WHAT TO DO: When you retype the data, keep every word exactly and include none of the pictures.

=== ENTRIES SHOWN ===

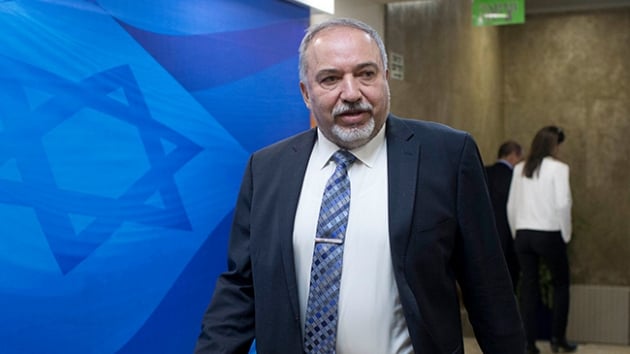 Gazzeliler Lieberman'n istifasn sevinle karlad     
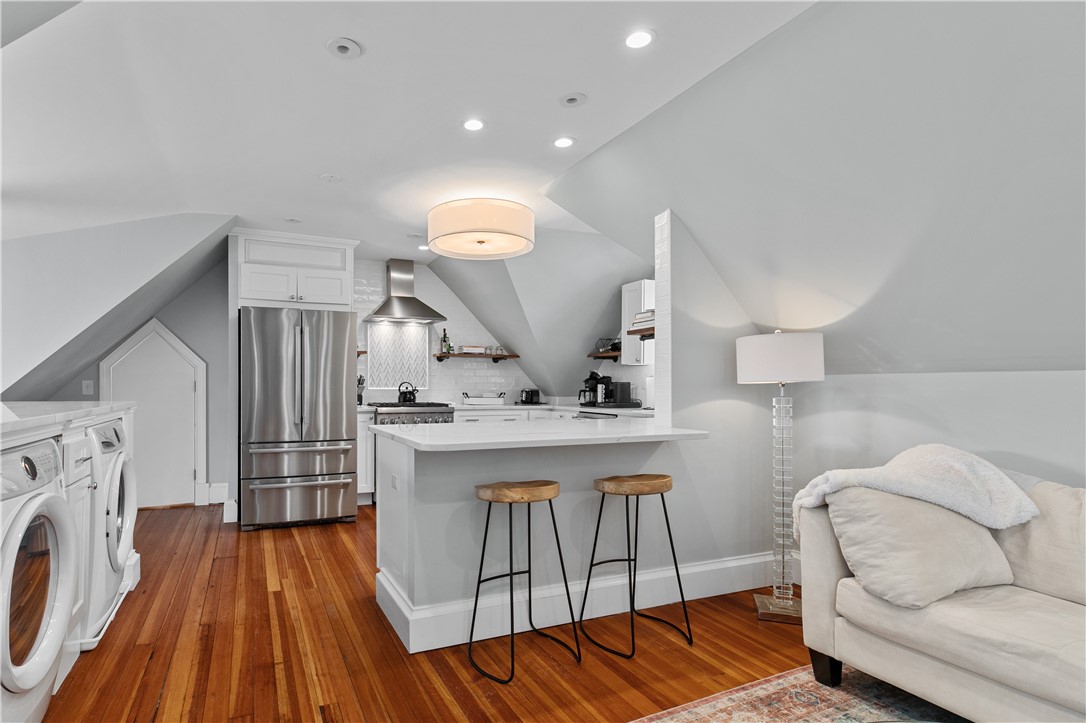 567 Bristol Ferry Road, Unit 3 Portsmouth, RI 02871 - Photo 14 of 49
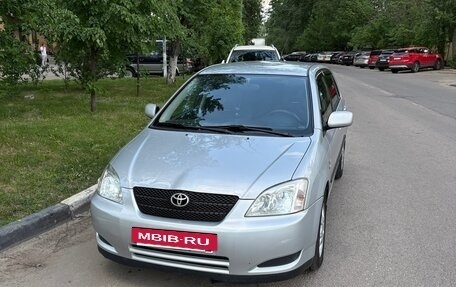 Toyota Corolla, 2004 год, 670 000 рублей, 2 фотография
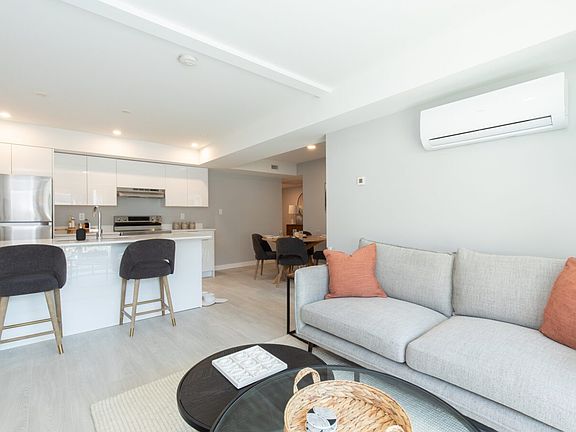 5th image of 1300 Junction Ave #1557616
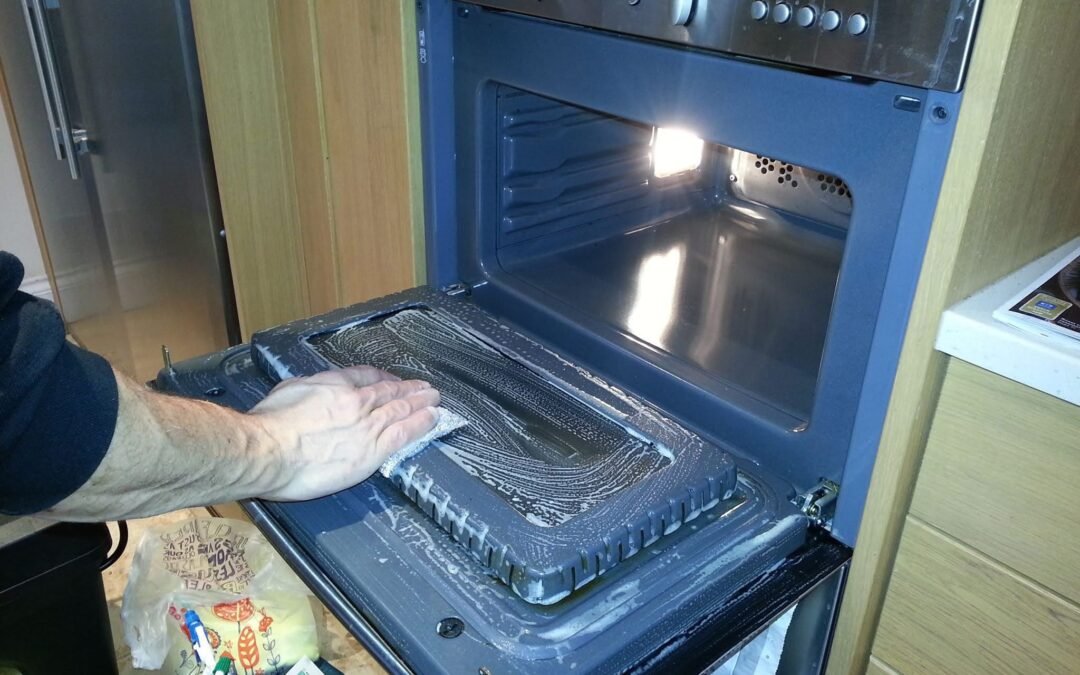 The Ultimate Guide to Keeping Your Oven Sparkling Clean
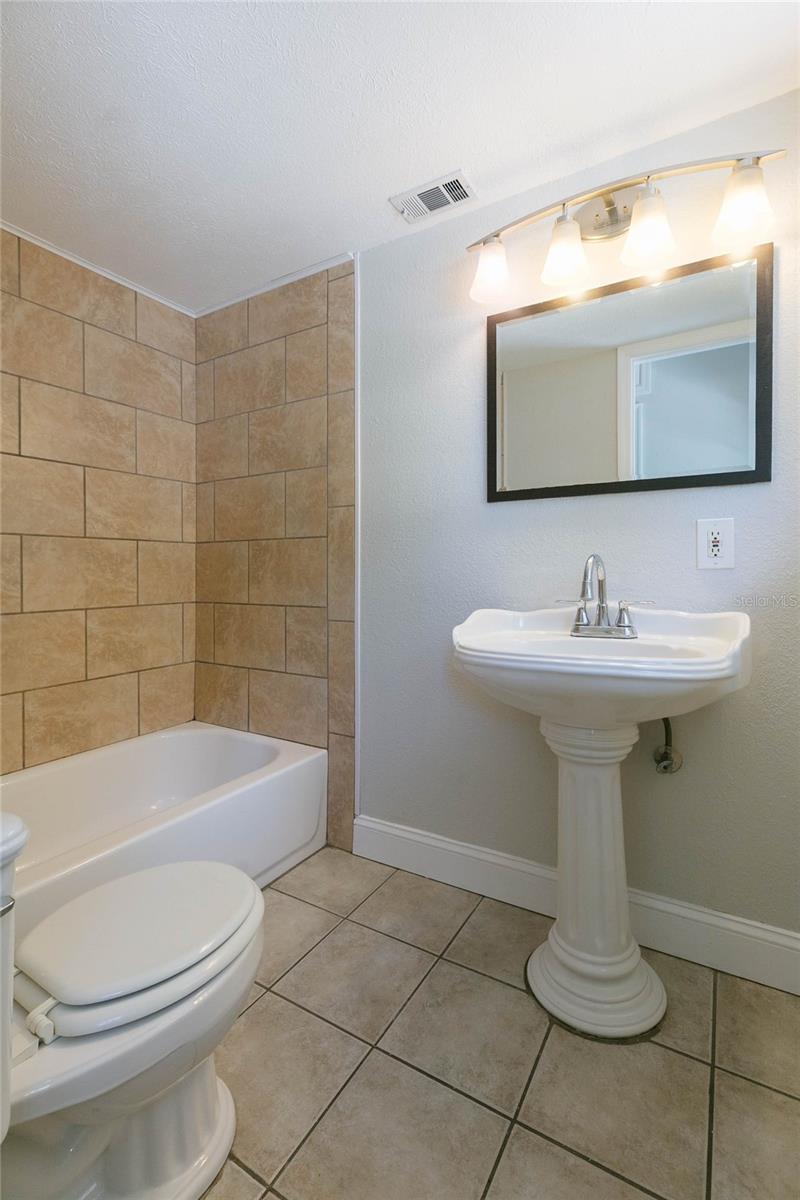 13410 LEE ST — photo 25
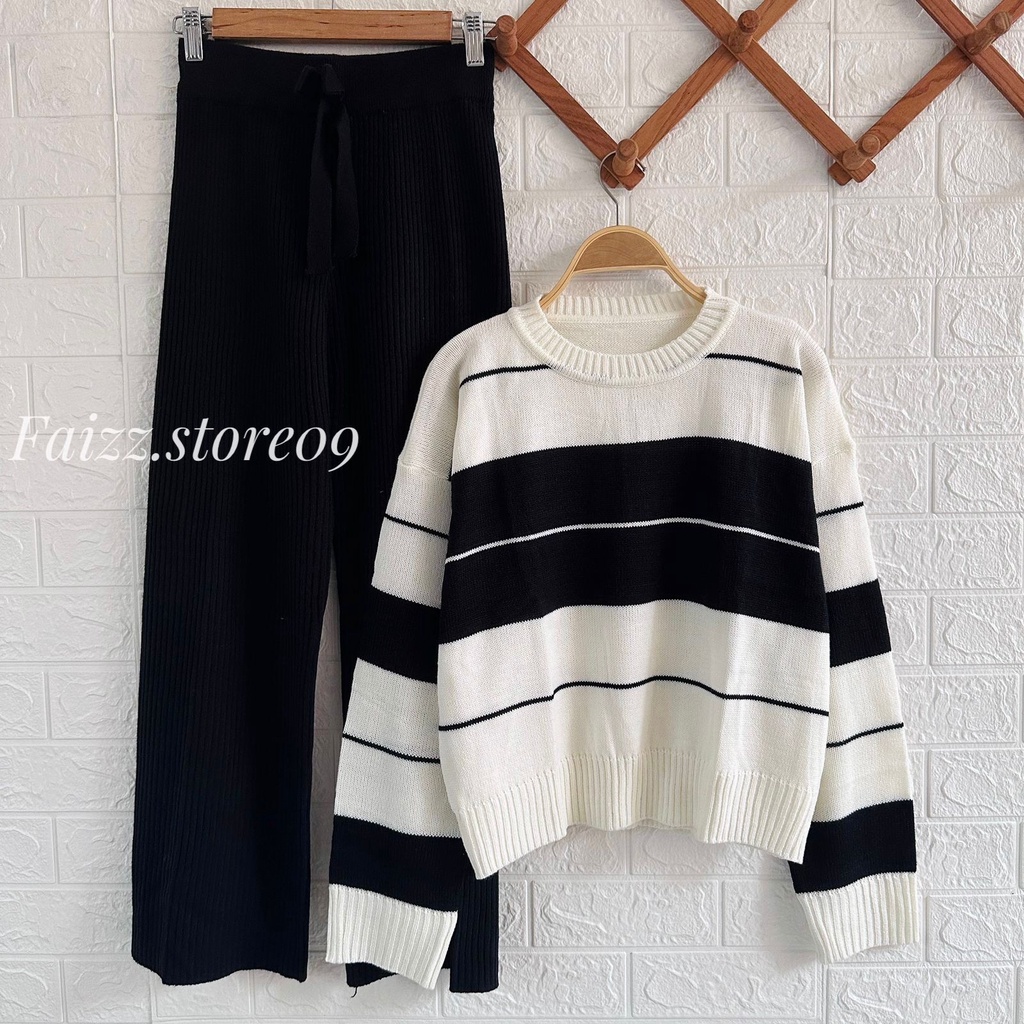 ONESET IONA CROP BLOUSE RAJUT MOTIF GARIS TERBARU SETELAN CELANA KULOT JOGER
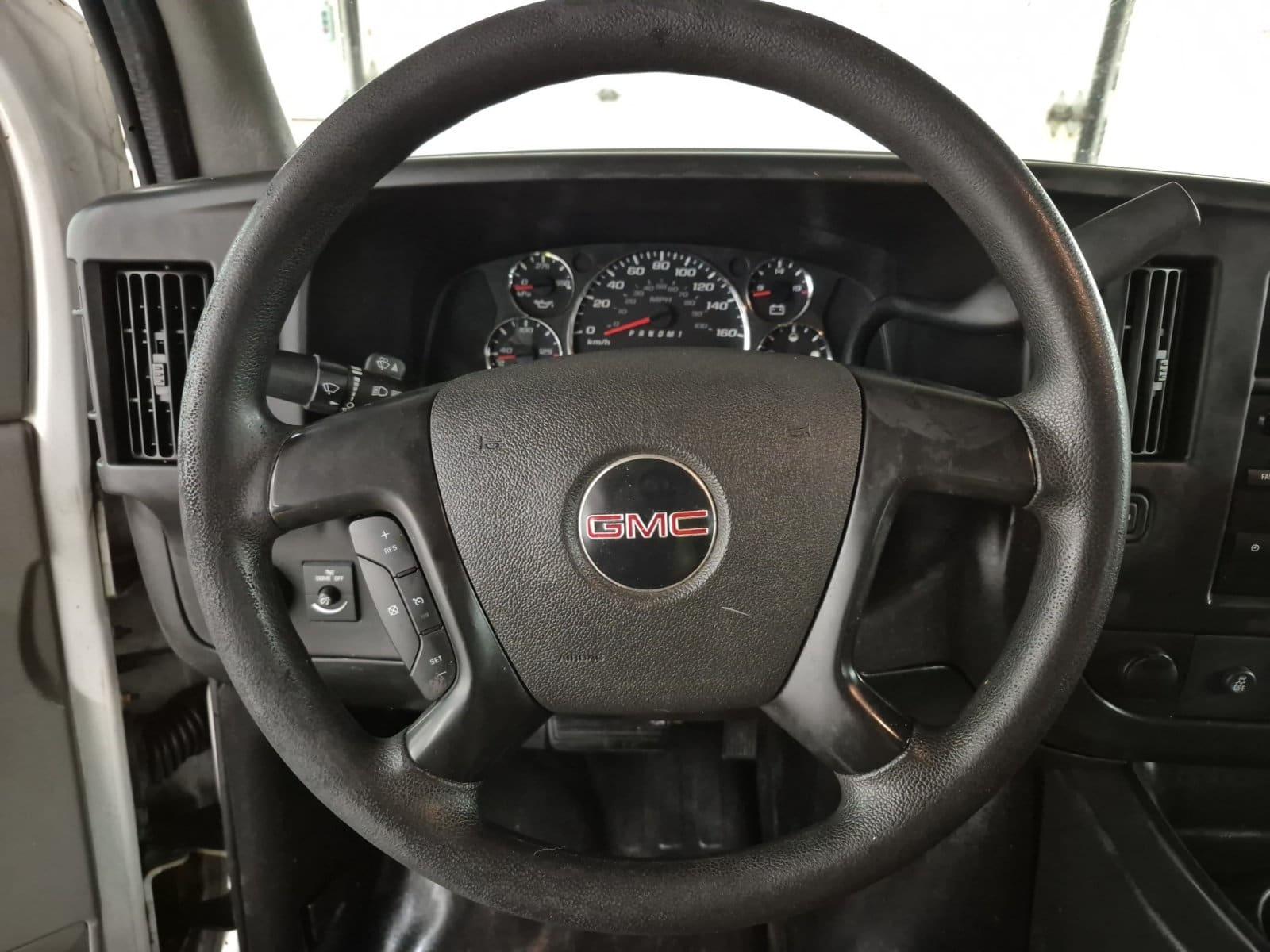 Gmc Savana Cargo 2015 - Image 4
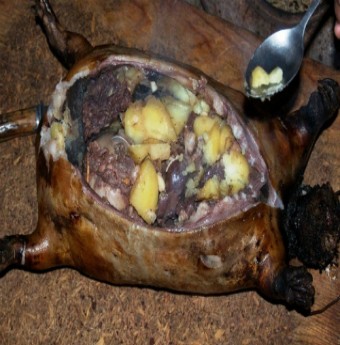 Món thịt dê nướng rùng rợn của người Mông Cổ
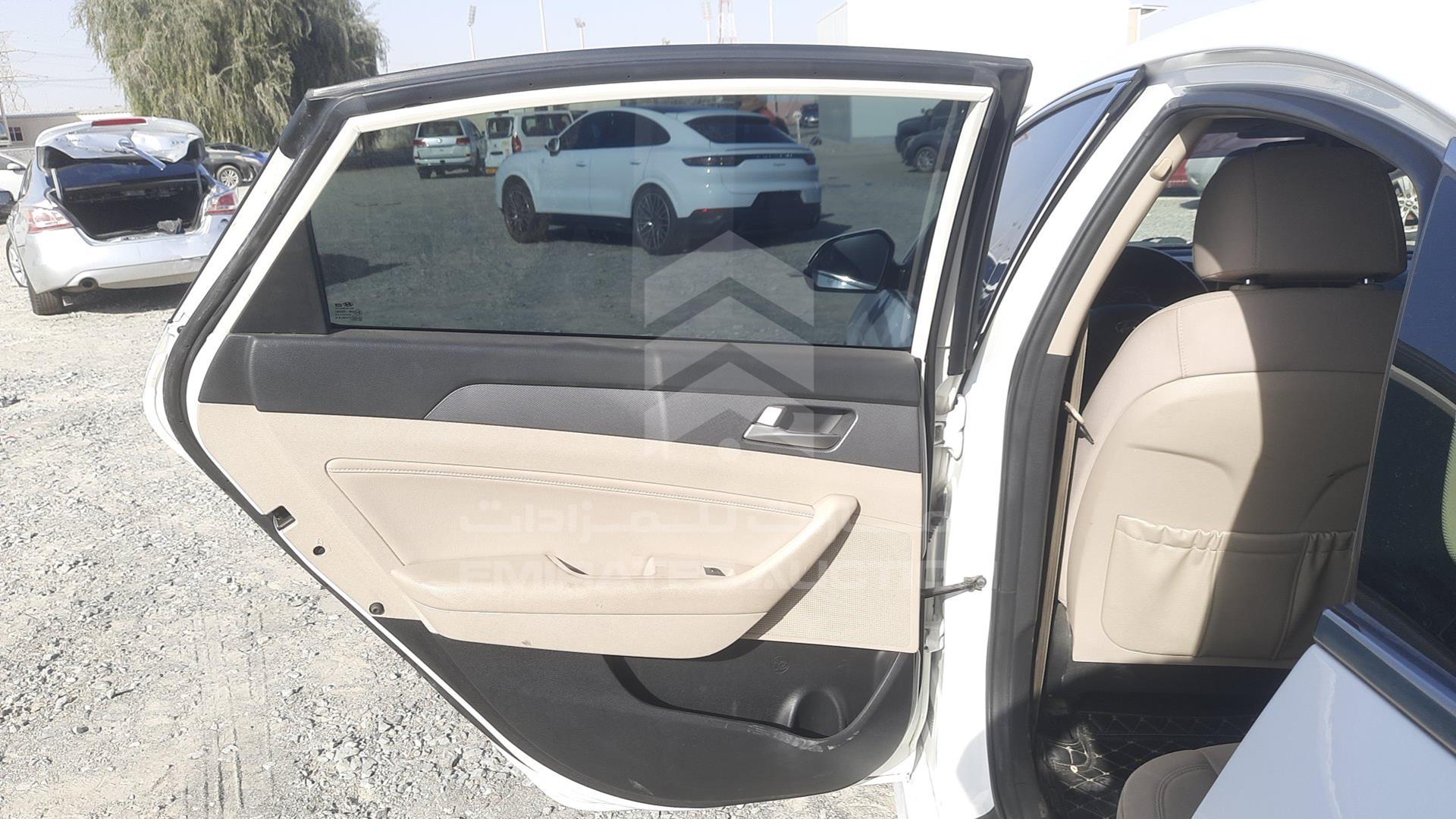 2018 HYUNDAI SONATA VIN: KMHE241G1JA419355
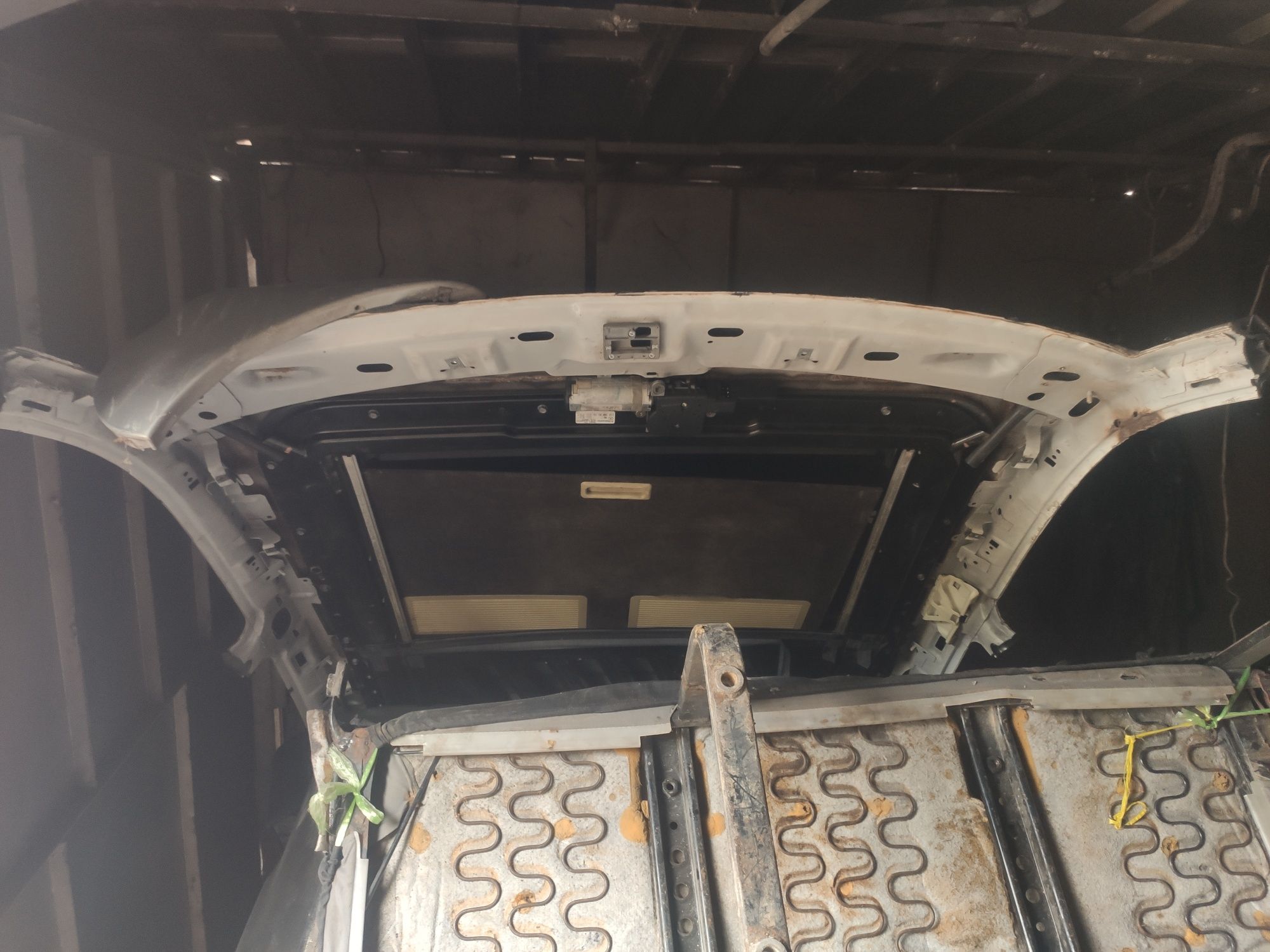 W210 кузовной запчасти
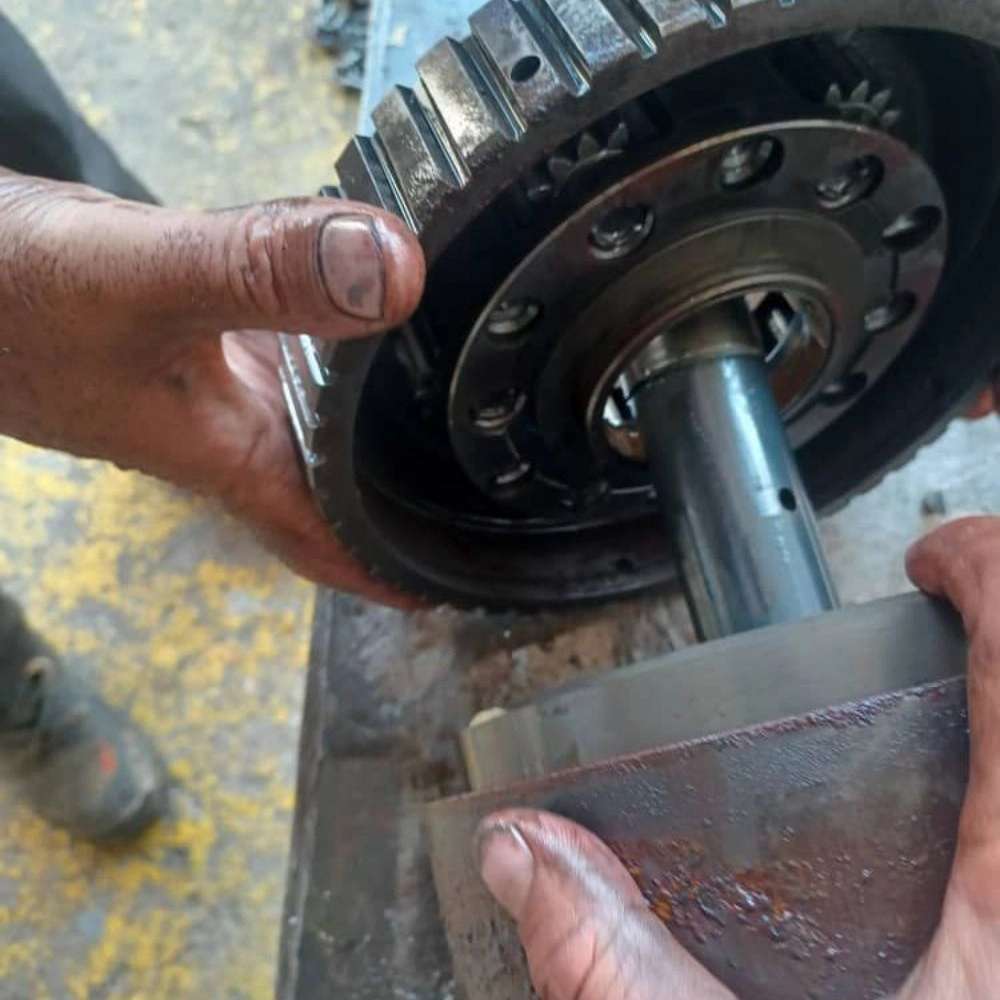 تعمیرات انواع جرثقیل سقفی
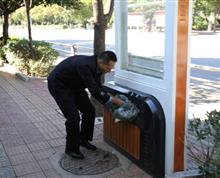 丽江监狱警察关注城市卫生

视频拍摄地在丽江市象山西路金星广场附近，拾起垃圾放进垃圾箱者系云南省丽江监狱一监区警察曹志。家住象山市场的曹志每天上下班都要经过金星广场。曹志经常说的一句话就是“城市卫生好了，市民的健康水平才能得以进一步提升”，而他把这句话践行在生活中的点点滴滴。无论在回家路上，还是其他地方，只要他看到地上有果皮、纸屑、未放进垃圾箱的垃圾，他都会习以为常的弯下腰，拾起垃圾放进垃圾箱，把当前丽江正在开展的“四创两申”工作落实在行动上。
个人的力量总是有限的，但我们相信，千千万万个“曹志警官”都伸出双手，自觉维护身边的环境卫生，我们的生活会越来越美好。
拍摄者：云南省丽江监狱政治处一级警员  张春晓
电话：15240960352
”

===

PROBLEM SOLUTION:
 Gazzeliler Lieberman'n istifasn sevinle karlad     
 567 Bristol Ferry Road, Unit 3 Portsmouth, RI 02871 - Photo 14 of 49
 Toyota Corolla, 2004 год, 670 000 рублей, 2 фотография
 5th image of 1300 Junction Ave #1557616
 The Ultimate Guide to Keeping Your Oven Sparkling Clean
 13410 LEE ST — photo 25
 ONESET IONA CROP BLOUSE RAJUT MOTIF GARIS TERBARU SETELAN CELANA KULOT JOGER
 Gmc Savana Cargo 2015 - Image 4
 Món thịt dê nướng rùng rợn của người Mông Cổ
 2018 HYUNDAI SONATA VIN: KMHE241G1JA419355
 W210 кузовной запчасти
 تعمیرات انواع جرثقیل سقفی
 丽江监狱警察关注城市卫生

视频拍摄地在丽江市象山西路金星广场附近，拾起垃圾放进垃圾箱者系云南省丽江监狱一监区警察曹志。家住象山市场的曹志每天上下班都要经过金星广场。曹志经常说的一句话就是“城市卫生好了，市民的健康水平才能得以进一步提升”，而他把这句话践行在生活中的点点滴滴。无论在回家路上，还是其他地方，只要他看到地上有果皮、纸屑、未放进垃圾箱的垃圾，他都会习以为常的弯下腰，拾起垃圾放进垃圾箱，把当前丽江正在开展的“四创两申”工作落实在行动上。
个人的力量总是有限的，但我们相信，千千万万个“曹志警官”都伸出双手，自觉维护身边的环境卫生，我们的生活会越来越美好。
拍摄者：云南省丽江监狱政治处一级警员  张春晓
电话：15240960352
”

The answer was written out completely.